I will like to put a Adult Black Piranha but i cant buy a black piranha in chicago


----------



## bob351 (Oct 23, 2005)

put a shoal in im telling you red are cheap but worth it


----------



## werdna (Mar 15, 2005)

DO IT


----------



## bigredfish (Oct 11, 2004)

I Have 2 but ate it to big for the 2 reds


----------



## bob351 (Oct 23, 2005)

get morrrrrreeeeeeeeeeeeeee look at my ppics take that and timezs it by like 100





















got like 300 pygos redz preferd


----------



## a-ronn (Jun 12, 2006)

2000 G tank you might be able to put a few rhoms in there !!! Add lots of decoration and im sure that is a big enough tank to hold 3 4 rhoms. If 500 G a fish isnt enough i dont know what is.


----------



## odyssey (May 30, 2006)

Dude you must buy that! do you think it is big enough to an amozon cohab ect with a couple rays tonnes of tetras big pacu. i think that many reds would be awesome but a tad boring well imo anyway.


----------



## bigredfish (Oct 11, 2004)

am going sunday and paying the man
















Thanks Guys


----------



## MONGO  (Feb 7, 2006)

def post pics of that beast good luck


----------



## bigredfish (Oct 11, 2004)

I Will


----------



## 2PiRaNhA~2FuRrY (Nov 1, 2005)

ok you got me comfused...2000gallon for what price?

$2.50
$2.500
or $2500???


----------



## bob351 (Oct 23, 2005)

the 3rd one


----------



## boozehound420 (Apr 18, 2005)

holy f*ck.
30 reds
30 terns
30 cariba
30 piraya
20 spilos
20 geryi

could you fucken imagine something like that
just dont put it upsairs


----------



## alan (Mar 11, 2004)

i hope it fits through your front door.that is going to be some weight!


----------



## Round Head (Sep 26, 2005)

Make sure your floor can support it.
It'll be OK if you have concrete floor.


----------



## bigredfish (Oct 11, 2004)

It going i ma basement









it going in my basement


----------



## 2PiRaNhA~2FuRrY (Nov 1, 2005)

you gotta post some pic, wanted to see the badass 2000gallon with piranha.

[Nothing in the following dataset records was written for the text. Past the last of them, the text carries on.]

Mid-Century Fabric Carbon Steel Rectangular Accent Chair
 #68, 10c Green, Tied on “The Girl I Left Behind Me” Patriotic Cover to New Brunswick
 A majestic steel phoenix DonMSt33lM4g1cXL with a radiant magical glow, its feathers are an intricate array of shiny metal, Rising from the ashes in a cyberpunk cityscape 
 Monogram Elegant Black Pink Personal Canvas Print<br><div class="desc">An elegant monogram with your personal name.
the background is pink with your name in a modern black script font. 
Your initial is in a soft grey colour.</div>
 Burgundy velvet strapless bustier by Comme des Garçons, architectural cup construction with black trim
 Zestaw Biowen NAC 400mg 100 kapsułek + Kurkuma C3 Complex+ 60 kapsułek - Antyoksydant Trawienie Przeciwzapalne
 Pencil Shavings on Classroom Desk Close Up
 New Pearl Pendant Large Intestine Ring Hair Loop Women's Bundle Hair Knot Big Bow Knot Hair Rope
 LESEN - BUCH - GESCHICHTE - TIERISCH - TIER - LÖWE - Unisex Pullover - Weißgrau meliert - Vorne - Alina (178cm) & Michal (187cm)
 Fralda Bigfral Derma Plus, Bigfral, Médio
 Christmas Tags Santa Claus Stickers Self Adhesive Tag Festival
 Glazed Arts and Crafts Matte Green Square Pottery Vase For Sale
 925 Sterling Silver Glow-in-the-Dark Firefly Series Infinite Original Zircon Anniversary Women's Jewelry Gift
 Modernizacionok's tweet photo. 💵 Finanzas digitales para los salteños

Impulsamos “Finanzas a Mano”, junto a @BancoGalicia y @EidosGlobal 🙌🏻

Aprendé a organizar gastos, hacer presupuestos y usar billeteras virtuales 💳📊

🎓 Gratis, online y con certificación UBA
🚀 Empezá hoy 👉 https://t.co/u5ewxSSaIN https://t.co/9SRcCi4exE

any ideas what kind of piranha you putting in?


----------



## furious piranha (Mar 22, 2005)

dont put piranha in a 2000 gallon. get like huge gars aros rtcs...sh*t like that .....pacus...black shark....i can keep goin


----------



## BlackSunshine (Mar 28, 2006)

Don't waste that size tank on piddly Piranhas. 
Get yourself a shoal of African tiger fish. I'd say maybe 5-10. that would be so much cooler then sissy little piranhas. ohhhh yeah.. Just watch your arms


----------



## a-ronn (Jun 12, 2006)

Ps are awsome fish !!!!!!


----------



## bigredfish (Oct 11, 2004)

Mayby 50 baby reds


----------



## bobz (Mar 9, 2006)

mmmmmmmmmm....the possabilities

I'm sure you could make a killer shoal in there. But once again there is so many possabilities...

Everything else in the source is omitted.